Concern is growing over some dentists in Ontario no longer accepting patients who use a government funded free dental program for kids.
Additional costs of personal protective equipment (PPE) has led to some dentists spending more to treat patients. This in turn is making it difficult for them to afford to treat patients under the Healthy Smiles Ontario (HSO) program — where kids under 17 years of age in low income families get dental services at no cost.
In a Facebook post, a dentist reportedly told the parents of a four-year-old that they are no longer accepting payments under the program.
The poster cited the reason was because the cost of PPE was over $70. The Ontario Dental Association (ODA) says accessing and purchasing protective equipment is a unique challenge that dentists in Ontario are now faced with.
“We can have physical distancing in the reception area, waiting room, and in the hallway but when you get in that chair, we can’t physical distance,” said Dr. David Stevenson, the chair of the ODA’s Return to Practice Working Group. “We are involved in surgical procedures, in procedures that cause a lot of splatter, a lot of water spray, cause aerosols — so we do need access to the best PPE available.”
In that same Facebook thread posted in a private parents group, the owner of a dental office wrote that with the increasing costs of PPE, they too are no longer accepting patients under the program, because they would “have to pay between $40 to $60 per patient out of pocket.”
Dentists are having to operate in a whole new world, incorporating safety measures in light of the pandemic, which includes limiting the number of patients inside offices and prioritizing emergencies. But Dr. Stevenson says patients should always be warned of changes, including new costs, before the appointment.
“There’s an appropriate way to do that that should be discussed with the patient openly and upfront. No one likes sticker-shock,” Dr.Stevenson said.
Dr. Stevenson, who also owns a private practice, calls this compounding a challenge that existed even before the pandemic, especially for dentists who are also business owners.
He says that the HSO program, which was already underfunded, meant dentists barely made any money from accepting patients under the program to begin with. Now with the pandemic here, they’d be in the red if they accepted those patients.

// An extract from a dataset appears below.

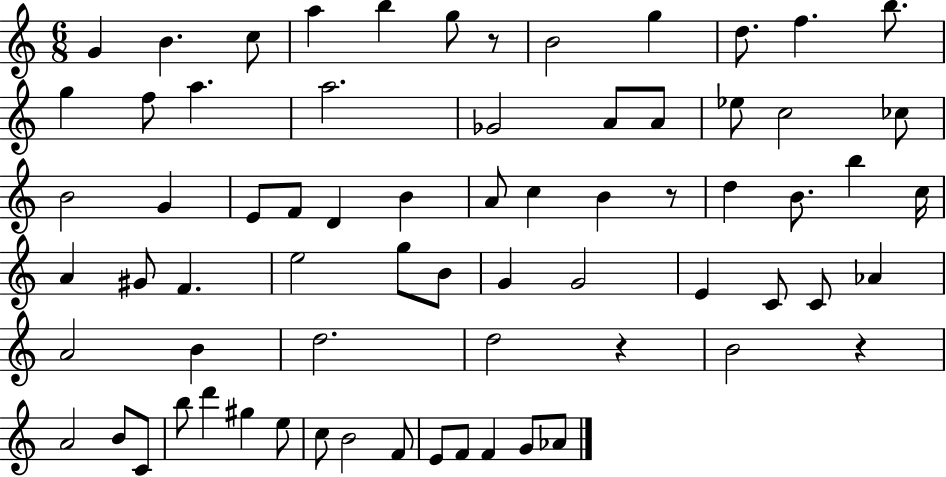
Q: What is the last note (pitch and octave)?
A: Ab4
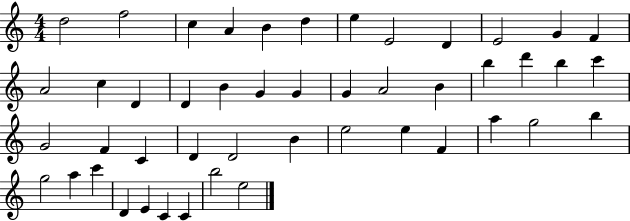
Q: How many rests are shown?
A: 0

“During the pandemic we realized that there’s going to be additional challenges in treating people on these programs. We have advocated for the government to get priority access to PPE, specifically to treat patients under these programs,” Dr. Stevenson said. “In no way do we want to make it sound like we’re more important than other healthcare providers, but we’re doing everything we can to ensure that patients get the treatments needed.”
The province says while those enrolled in the HSO program are entitled to access dental services, participating is optional for dental providers.

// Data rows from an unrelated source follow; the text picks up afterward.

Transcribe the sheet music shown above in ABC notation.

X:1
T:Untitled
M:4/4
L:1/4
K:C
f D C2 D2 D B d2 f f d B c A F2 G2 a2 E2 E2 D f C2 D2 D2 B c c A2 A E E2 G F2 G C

“The Ministry of Health is aware of recent issues and is currently reviewing the new PPE codes in the context of provincial dental programs including Healthy Smiles Ontario, for children and youth, and the Ontario Seniors Dental Care Program (OSDCP) for seniors,” said a spokesperson from the Ministry of Health and Long Term Care.
Prior to the pandemic, the ministry stated that 8,000 out of 9,000 dentists in Ontario were accepting patients under this program. It’s unclear if that number still stands.